As seen here, contemporary designers have elevated sports and athletic wear through historical references and experiments with form, resulting in garments that cover the body as well as some that reveal and revel in its musculature.
Heavyweight Champions
The fame and notoriety of legendary boxers are often reinforced by their fashionability. Jack Johnson and Muhammad Ali were both known for their physicality and appearance in and out of the ring. In 1910 Johnson, the “Galveston Giant” and first Black Heavyweight Champion of the World, famously knocked out boxer James Jeffries, known as “The Great White Hope,” which led to riots across the country. Johnson broadcast his success through his connoisseurship of clothing, cars, and controversy, living a life of luxury and extravagant style that provoked public ire for, among other things, his marriages to white women.
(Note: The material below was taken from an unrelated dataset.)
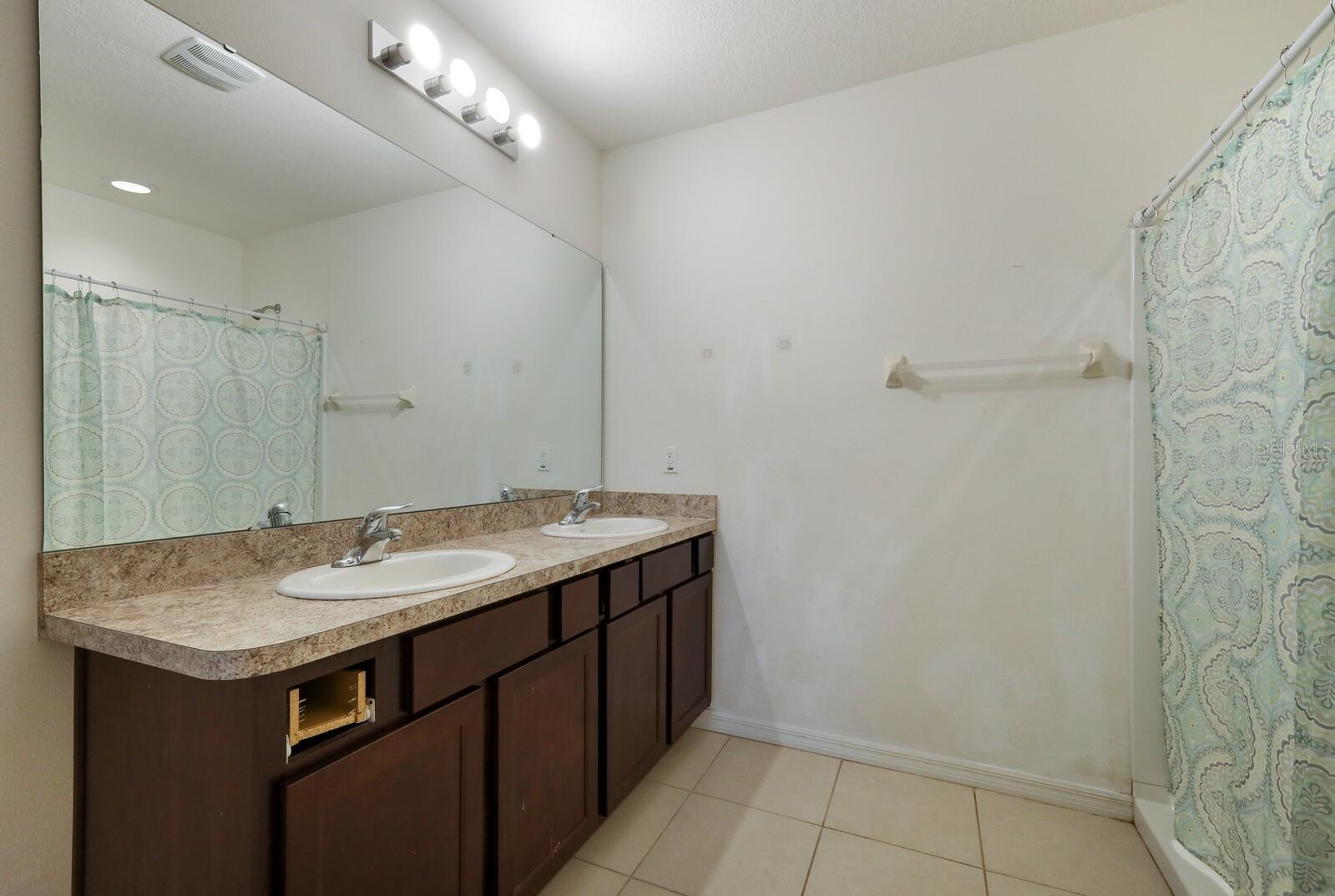 VILLAGES OF GLEN CREEK PH 1-A - Residential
Muhammad Ali, known as “The Greatest,” similarly challenged racial regimes and social hierarchies. His career as a boxer and his efforts as a civil rights activist are unparalleled, and he conducted both with style. In their satiny texture and black-and-white color scheme, Ali’s signature Everlast shorts were a nod to the formalism of a tuxedo, while outside the ring he enjoyed wearing bespoke suits.